Since the mid-20th century, different factors have possibly tended towards altered perceptions of Portmarnock parish area. Those factors include changed postal addressing, revised church parish areas and new housing developments around the edges. In the 19th century, the Ordnance Survey set out the boundaries of the Civil Parish and its ten internal townland divisions, on which subsequent local taxation and electoral arrangements were based. These townlands are Beechwood, Broomfield, Burrow, Carrickhill, Glebe, Grange, Hazlebrook, Portmarnock, Robswall and Saint Helens.
But time moves on and in 2005, following a public meeting, a “Refurbishment Committee” was formed. The creation of a centre aisle was proposed but with a new seating layout – it was suggested that a semi-circular arrangement would create a more inclusive area, encouraging more participation by the congregation in the liturgy. A survey of the roof revealed that not only did most of the tiles and felt need replacing, but the roof structure also itself had not withstood the winds of Portmarnock’s winters and had warped in some areas. So, there was now no alternative but to build a completely new roof.
Many more improvements were made – a new baptistery, centralisation of the tabernacle, new heating and lighting, wheelchair access to the sanctuary, a new shrine area and finally the restoration of the beautiful circular rose window which had been rescued from the tin church, before it was dismantled, by two parishioners, Geraldine Kretch and her husband Noel. It was David Sweeney who made the beautiful frame in which it is set. The centre pane shows the sacred host, and the surrounding panes depict symbols of the passion of Jesus.

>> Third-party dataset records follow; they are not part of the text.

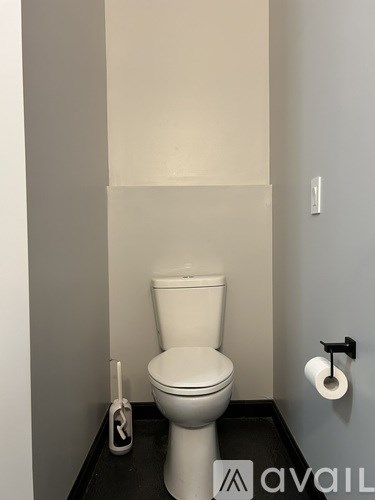 A white toilet in a small bathroom with a roll of toilet paper on the wall.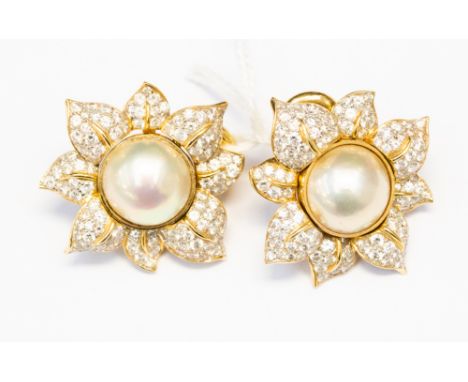 A pair of pearl and diamond cluster 18ct gold flower head earrings, of dual purpose having removable large semi-spherical cul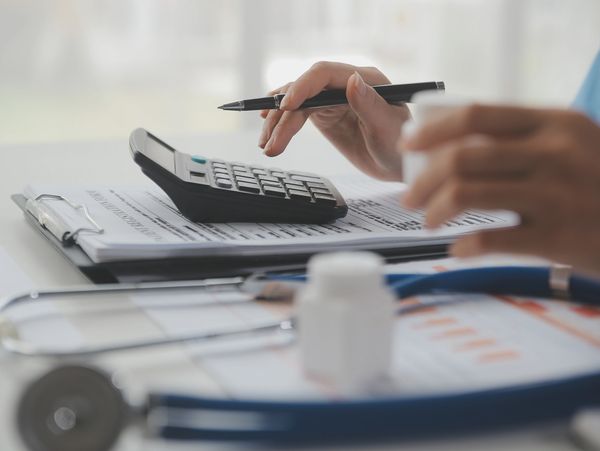 Medical professional calculating medication dosage using a calculator and documents.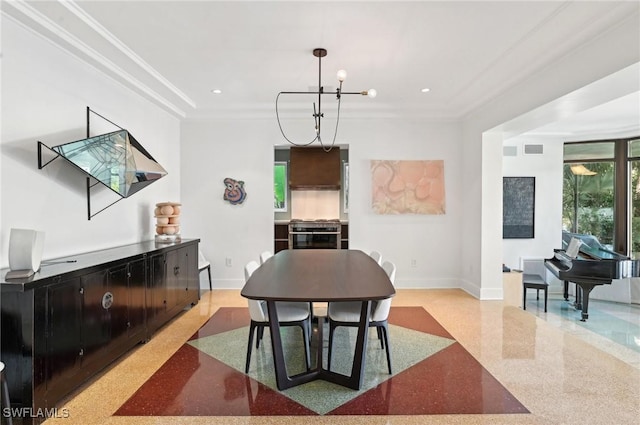 dining space with baseboards, a chandelier, light speckled floor, and crown molding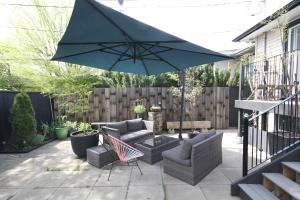 a patio with two chairs and an umbrella at The Orange Door Bungalow in Vancouver
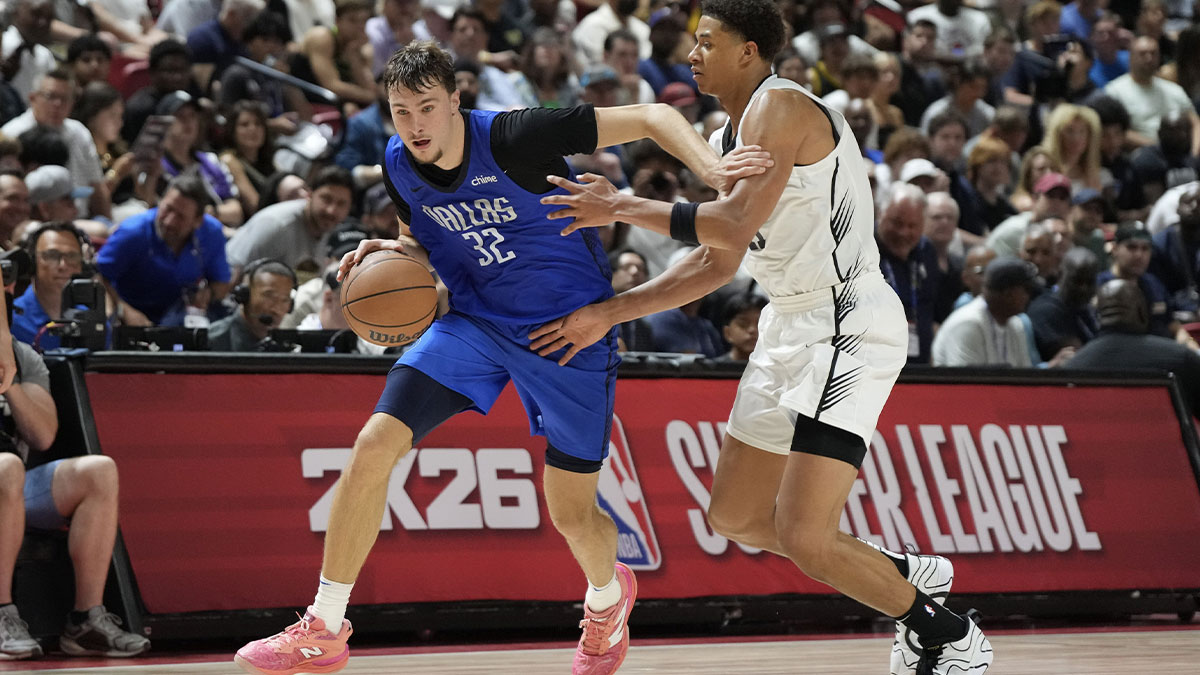 Dallas Mavericks forward Cooper Flagg (32) drives past San Antonio Spurs forward Carter Bryant (11) in the fourth quarter of their game at Thomas & Mack Center.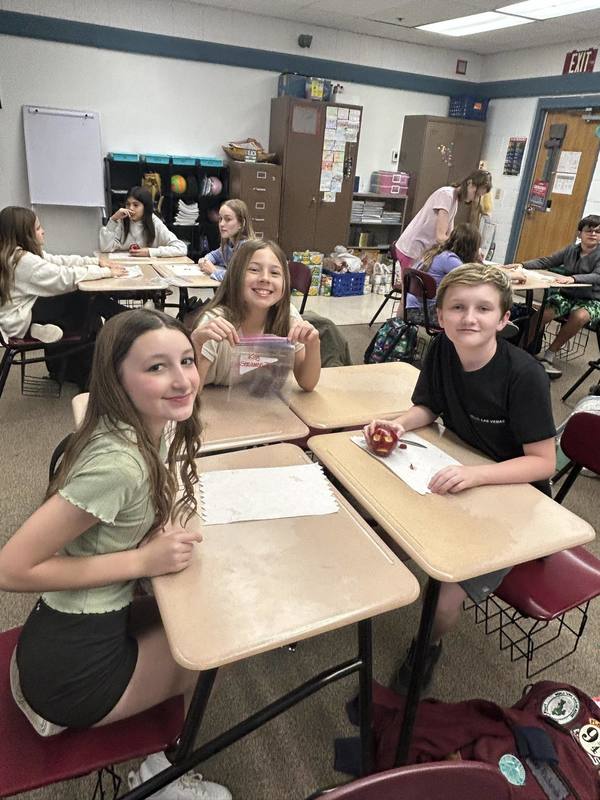 students pose with mummy making supplies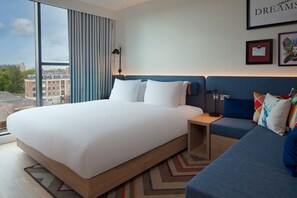 A modern hotel room with a large bed, a sofa, and a view of the city. - Hampton by Hilton York Piccadilly (York)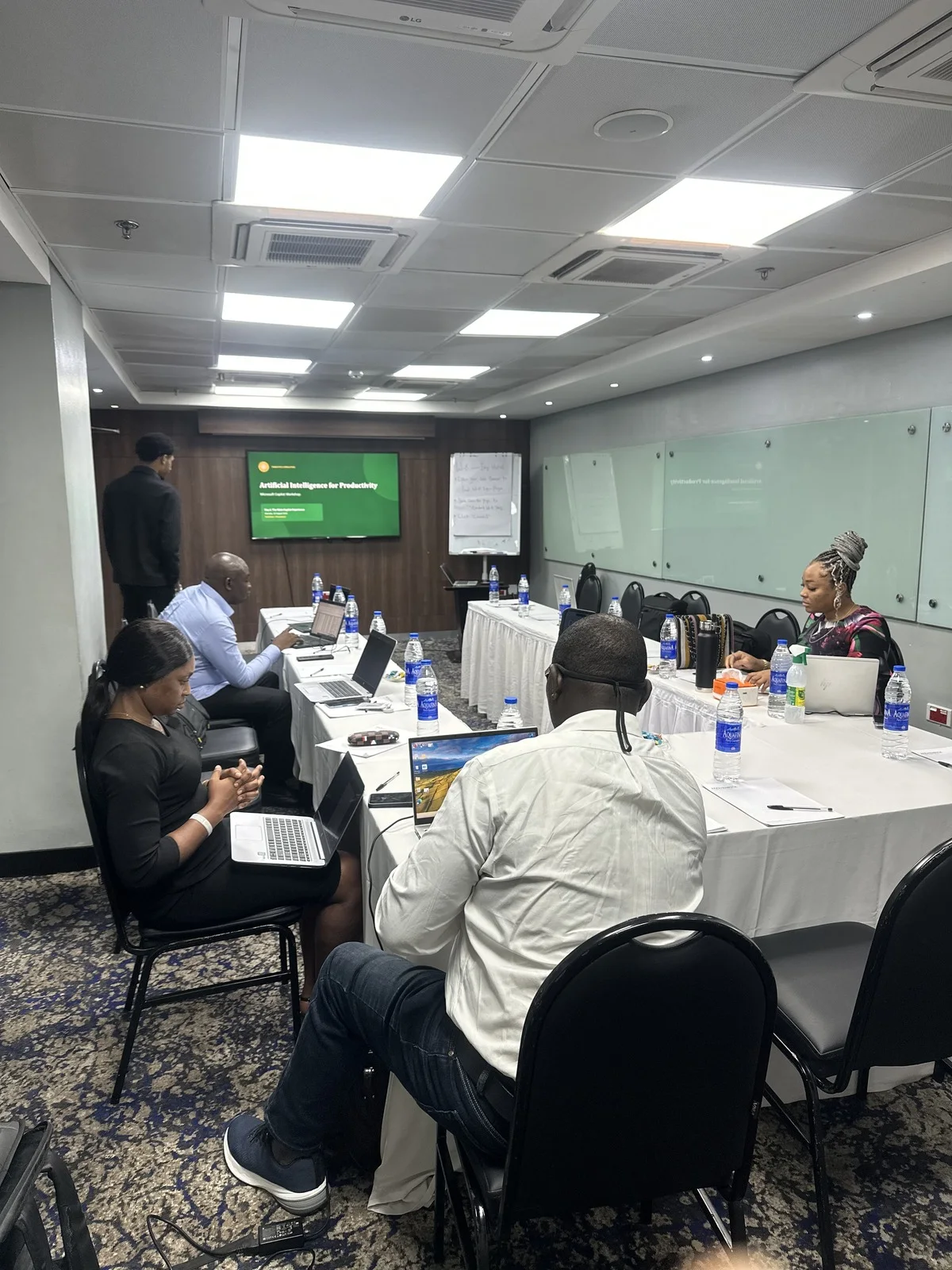 An Artificial Intelligence for Productivity workshop under way, participants at laptops around a boardroom table.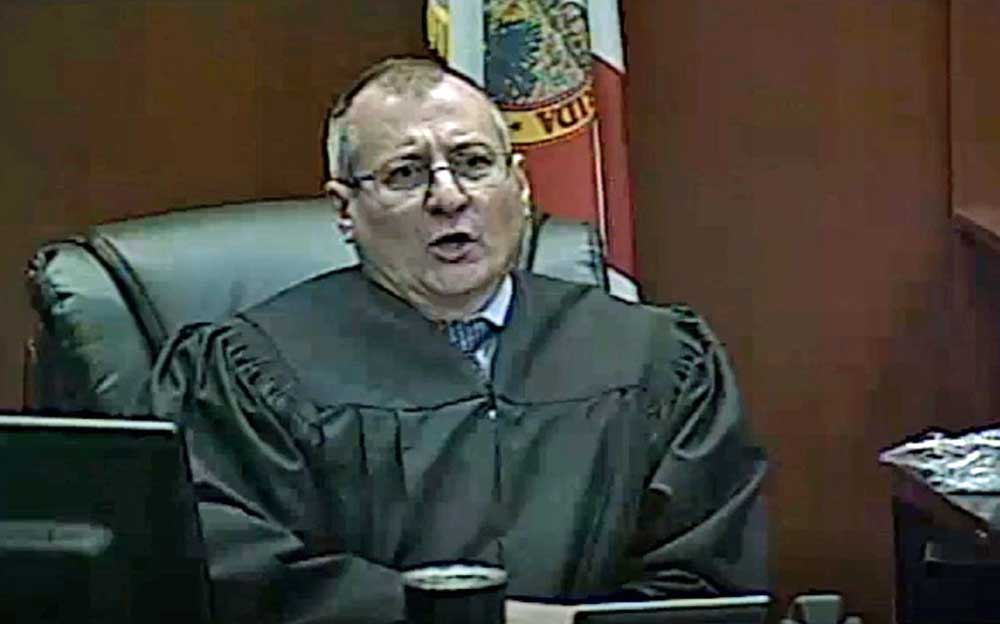 Judge Wayne Culver telling a man in the courtroom to "shut up," before becoming more crass and threatening the man with jail, on Feb. 10, 2022.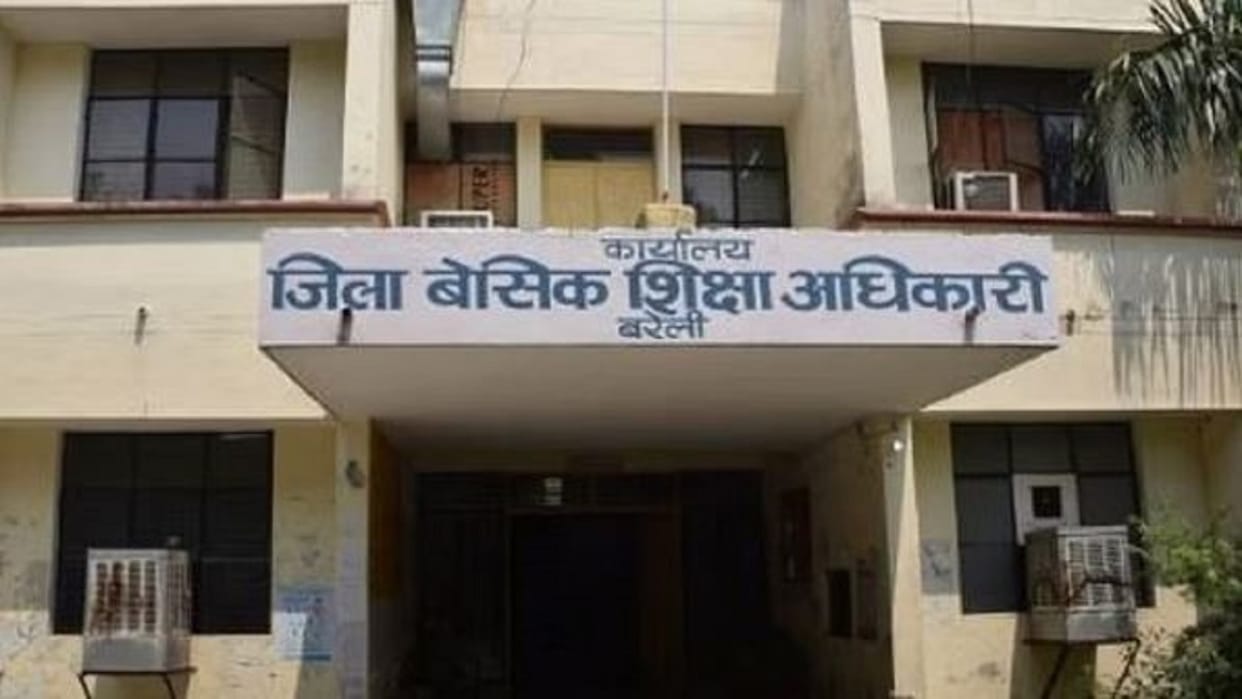 headmaster and teacher suspended for girls who made to clean toilets in school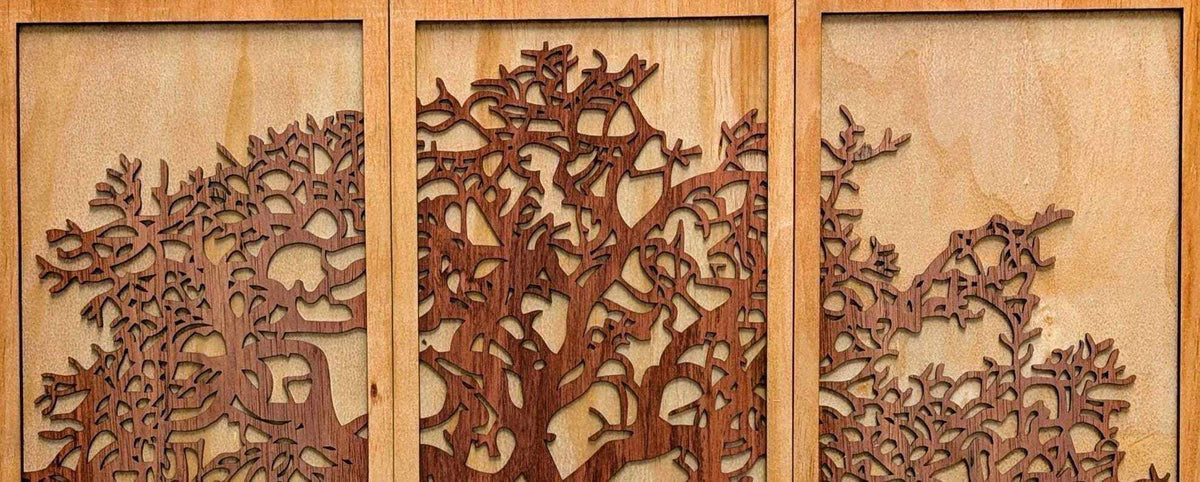 Layered Tree of Life wood wall art in three panels, featuring dark stained branches with intricate laser-cut detail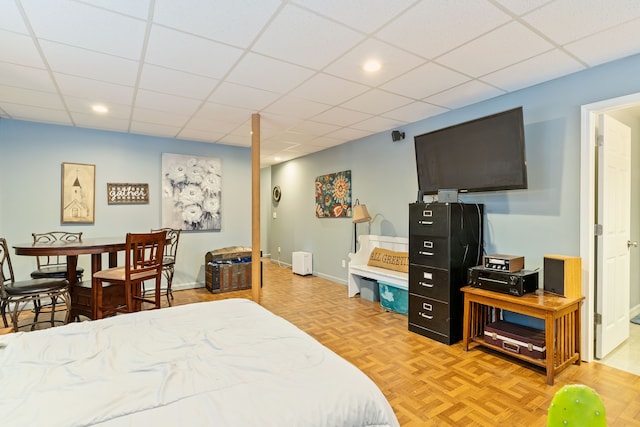 bedroom featuring a drop ceiling and light parquet floors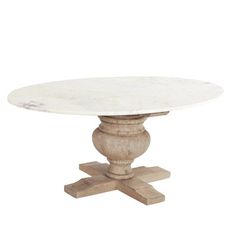 a white marble top dining table with wooden pedestals and two leaves on the base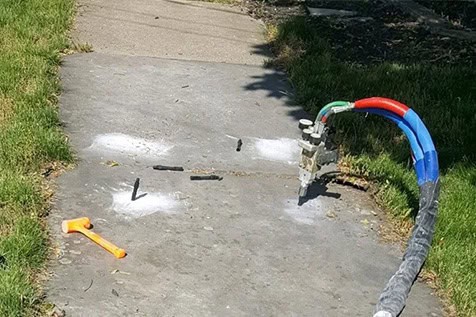 A robot arm with colored cables is drilling into a concrete sidewalk; white powder, debris, and an orange tool are scattered nearby.
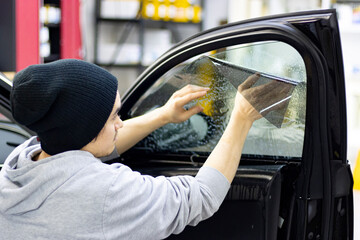 man at work installing window tint on a car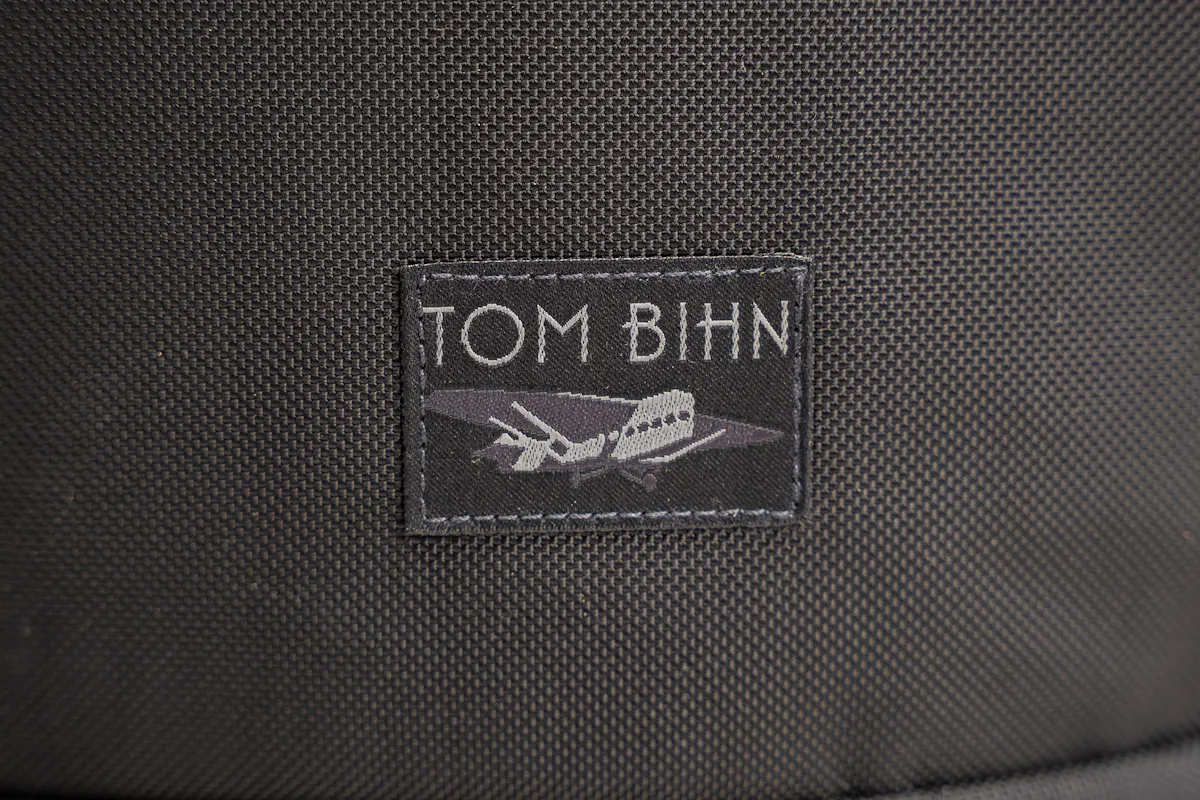 TOM BIHN Adept Roll-Top Backpack Brand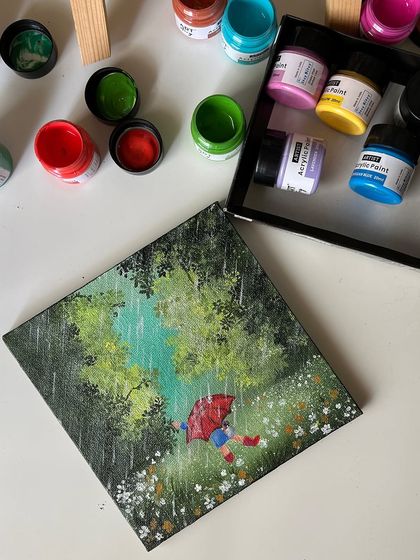 An overhead shot of the rainy day painting next to the open set of acrylic paints.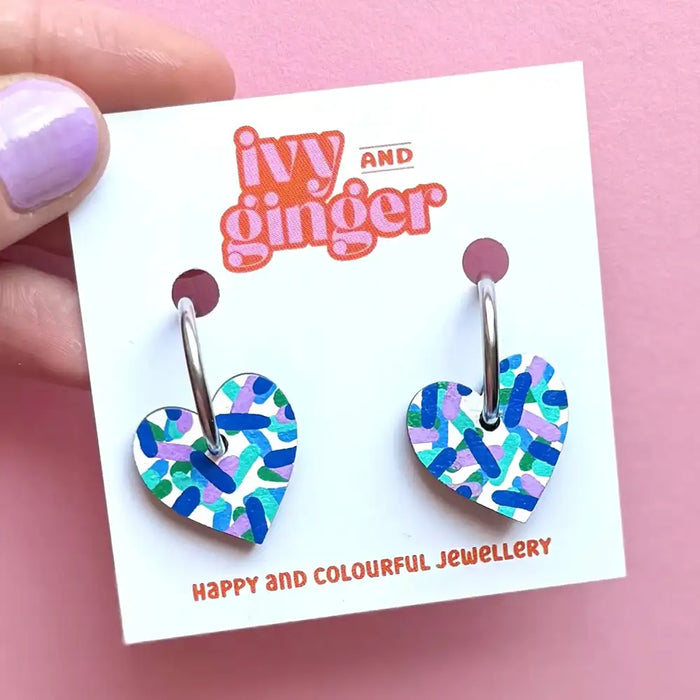 Colorful heart-shaped earrings on a 'Ivy and Ginger' branded card against a pink background.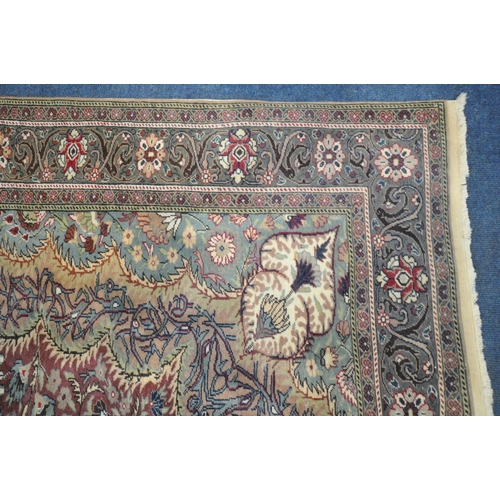 1274 - A KERMAN STYLE WOOLLEN RUG, with a central design within a red fields and multi strap border, 290cm ... 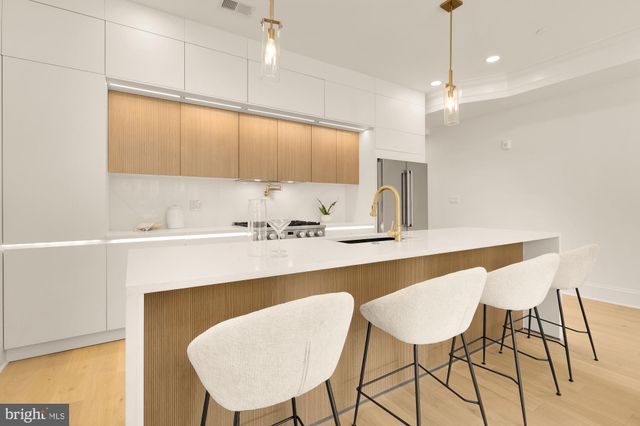 a large white kitchen with a large window a sink and stainless steel appliances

The altar, tabernacle and lectern have images that are worth noting. The altar has the Holy Spirit, the host and grapes and sheaves of wheat – all symbols of the Eucharist. The lectern has images of the four evangelists: the lion for St. Matthew, the ox for St. Luke, the eagle for St. John and St. Matthew is seen as the tax collector. The tabernacle has the Lamb of God image with a road inviting us to follow him. The newly refurbished church was rededicated and blessed on September 22, 2007, by the Archbishop of Dublin, Very Rev. Diarmuid Martin.